Valentin-Yves MUDIMBE



Proche du groupe de la revue Poésie 1 et des éditions Saint-Germain-des-Prés, au milieu des années 70, V.-Y. Mudimbé fut perçu par Jean Breton et Marc Rombaut, dans le milieu des années 70, en ces termes : « L’une des voix majeures de la littérature zaïroise, il représente aussi le cas douloureux d’un des êtres les plus déchirés qu’il m’ait été permis de rencontrer. Profondément divisé contre lui-même, croyant à la valeur des symboles, jouant et vivant les mythes, sa démarche d’écriture et de vie témoigne d’une profonde osmose entre ses tensions internes et la ferveur mystique. Voilà pour l’homme, qui deviendra romancier, poète, essayiste, Docteur en philosophie et docteur ès lettres, Professeur de littérature comparée et d’anthropologie. Pour ce qui est du poète, Rombaut ajoute : « Chez Mudimbé l’écriture épouse le cri ; éclatée, brisée, hachée, elle est à la mesure de la respiration d’un homme désarticulé et en proie à une déchirure initiale. Et ce cri, c’est aussi le grand cri de la solitude vraie, la solitude essentielle où nulle voix, nulle caresse ne nous parvient, la solitude froide et nue qui ne lâchera sa proie qu’au bout de la nuit ; »

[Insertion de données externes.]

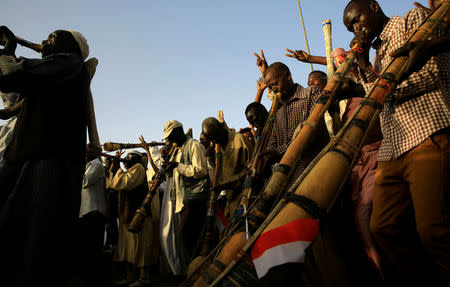 Sudanese demonstrators play traditional instruments during the sit-in protest outside Defence Ministry in Khartoum, Sudan April 20, 2019. REUTERS/Mohamed Nureldin Abdallah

V.-Y. Mudimbé, né le 8 décembre 1941 à Jadotville, au Katanga (aujourd’hui, Likasi, République Démocratique du Congo), a été formé chez les pères catholiques du Congo belge, puis à l’Université de Louvain. Il a quitté en 1979 son Congo natal, devenu le Zaïre répressif de Mobutu, pour enseigner aux États-Unis. Mudimbé est une figure de proue de la pensée africaine. Avec L’Odeur du père, L’Écart et L’invention de l’Afrique, il s’est frayé une place importante dans le cheminement des études africaines, dans le cadre des études littéraires et culturelles, de la philosophie et des théories postcoloniales.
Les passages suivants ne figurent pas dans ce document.